Five students who were born in the United States, raised in Florida and graduated from its high schools are suing state education officials after being charged out-of-state tuition rates at public colleges and universities because their parents are undocumented.
"Even if you can prove you are a U.S. citizen, they are then asking you if your parents are U.S. citizens," said Attorney Tania Galloni of the Miami office of the Southern Poverty Law Center, who is representing the students in a class action suit. "There is nothing in the statute that says they have to do this. This is an interpretation of the law being made by state officials."
The lawsuit, filed in federal court in Miami, charges that state policies discriminate against certain U.S. citizen students because of the immigration status of their parents and that is unconstitutional. Charging such students out-of-state tuition rates greatly increases the cost of attending state colleges and universities.
"Many talented American students must either forgo higher education or incur extraordinary costs, in both money and time, in order to obtain the same education made available to other Florida residents at a small fraction of the cost," the suit says.
One of the students named in the suit is Kassandra Romero, 18, who was born in California, but has lived in Florida for 13 years, most recently with her family in Delray Beach. According to the lawsuit, Romero has "a Florida high school diploma, a Florida driver's license, and other proof of her continuous residence in Florida."
"Although Kassandra registered for classes at Palm Beach State College, in June 2011, school officials informed her that she would have to show proof of her parents' legal immigration status in order to qualify for in-state tuition rates," the complaint states. "Unable to meet that requirement and unable to afford non-resident tuition rates, Kassandra withdrew from college. She currently works at a restaurant."
Of the five students named in the class action suit, only Romero was born outside Florida.
The lawsuit states that at Palm Beach State College, students who pay in-state rates in the associate degree programs are charged $96 per credit hour, while those classified as nonresidents are charged $349.
For 24 credits over the academic year, nonresidents are charged $6,072 more in tuition toward an associate's degree.
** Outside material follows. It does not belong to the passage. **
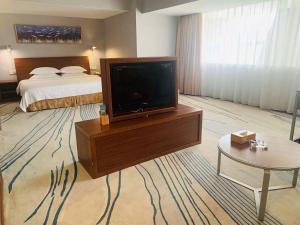 a hotel room with a bed and a flat screen tv at Days Inn Guangzhou in Guangzhou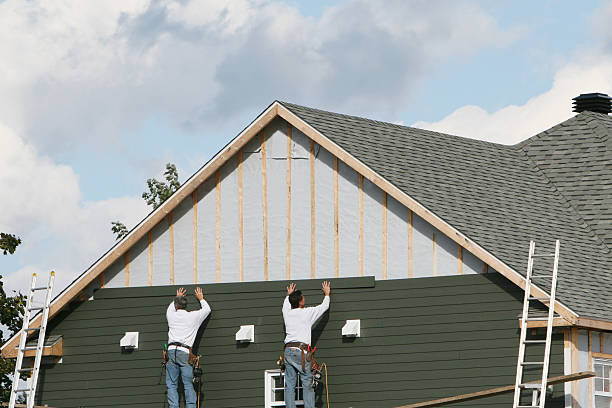 Professional Storm Damage Siding Repair technician working in Imler, PA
Resident students in the bachelor's degree program are charged $113.64 per credit hour, while nonresidents are charged $520.90, the complaint says.
For 24 credits over the academic year, non-residents are charged $9,774.24 more in tuition toward a bachelor's degree than residents.
Such differences in tuition also exist at other state schools.
"In short, United States citizen students who reside in Florida but whose parents are undocumented immigrants are charged three to four times as much as other Florida residents for the same education at Florida's public colleges and universities," the complaint states.
Galloni says that according to Florida statutes governing tuition rates, legal residence is defined by having a legitimate Florida domicile for at least 12 months before the student enters the school.
"There is nothing in the statute that refers to immigration status," Galloni said.
The lawsuit names as defendants Gerard Robinson, Florida commissioner of education, and Frank Brogan, chancellor of the state university system. It claims that in charging the out-of state fees to U.S. born students who can prove their legal residence in Florida, state education officials are violating the 14th Amendment by denying those students equal protection of the laws.
"These American students went to the same Florida high schools, held down the same part-time jobs and participated in the same after-school activities as their counterparts who are granted in-state tuition," Galloni said. "We are simply asking that these students be granted the same rights as all other Florida citizens."